A inizio novembre, riporta il Sole 24 Ore, Fitto “ha scritto ai presidenti delle Regioni chiedendo a stretto giro una ricognizione aggiornata sull’utilizzo delle risorse destinate alle politiche di coesione, dai fondi strutturali europei (FESR e FSE) ai fondi nazionali (FSC e fondo di rotazione) della programmazione 2014-2020. Le risposte dovranno arrivare entro il 21 novembre”. Secondo il quotidiano di Confindustria, “il Ministro, anche attraverso l’Agenzia per la Coesione, vuole verificare quanti soldi possono essere prelevati dai programmi di regioni e ministeri per destinarli alle famiglie vulnerabili e alle micro, piccole e medie imprese per far fronte al caro energia”.
Nel frattempo, la plenaria del Parlamento UE ha votato a favore di REPowerEU che, secondo gli europarlamentari, dovrebbe essere finanziato “anche consentendo la flessibilità nell’uso dei fondi non spesi, in particolare quelli residui dal bilancio 2014-2020” e i fondi della politica di coesione sembrerebbero essere tra questi.
Nulla però è ancora definitivo. Le trattative per REPowerEU proseguono e ora il Parlamento UE dovrà trovare un’intesa con il Consiglio, che aveva già votato la sua posizione ad inizio ottobre. I negoziati tra le due istituzioni sono iniziati martedì 15 novembre e dovrebbero concludersi idealmente nel mese di dicembre. Quale che sia il loro esito, però, alcuni interrogativi rimangono sul tavolo.
Una crisi dopo l’altra
I fondi della politica di coesione sono già stati usati per affrontare la pandemia e poi per accogliere i milioni di profughi in fuga dalla guerra in Ucraina.

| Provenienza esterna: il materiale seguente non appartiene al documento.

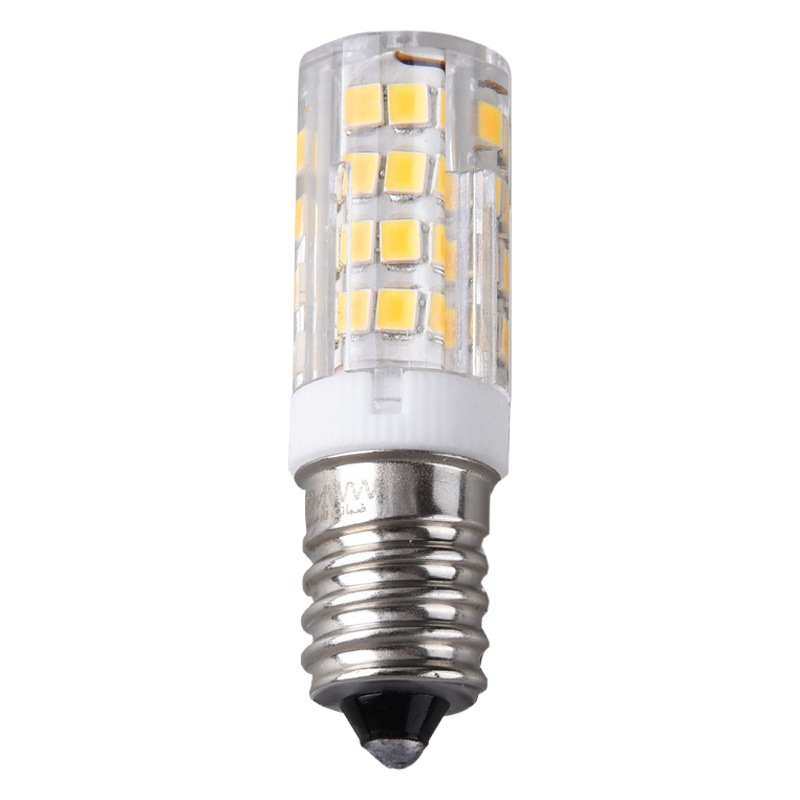 Led Light Bulb Refrigerator Refrigeration E14 Screw Socket Home Appliance Light Source Range Hood Lamp E12 Freezer Corn Lamp Energy-Saving Lighting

Se finissero per essere utilizzati anche per REPowerEU si tratterebbe della terza emergenza in meno di tre anni, col rischio di allontanare i fondi dal loro scopo originale, quello di combattere le disuguaglianze.

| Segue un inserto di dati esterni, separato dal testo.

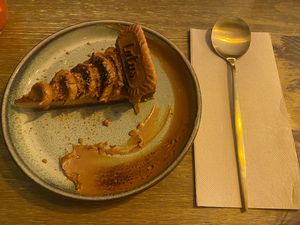 Cheescake   at Meet Vegano in Malaga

La Commissaria Ferreira ha fatto la proposta di usare i fondi per il caro energia ma, al tempo stesso, ha messo in guardia sul fatto che queste “crisi” possano “uccidere” i fondi di coesione.
Secondo De Michelis, la politica di coesione “sta prendendo una direzione congiunturale”. “Il bilancio comunitario è fissato di sette anni in sette anni e, di fatto, le risorse disponibili sono quelle” e quindi i fondi di coesione sono stati usati per affrontare le emergenze vissute in questi anni perché non c’erano alternative. Questa parentesi, però, secondo il funzionario, va “chiusa”. “Il mestiere della coesione è un altro e per il prossimo bilancio europeo dovremo porci la questione. La dimensione strutturale della politica di coesione è più fragile. Per le emergenze servono altri strumenti”, conclude De Michelis.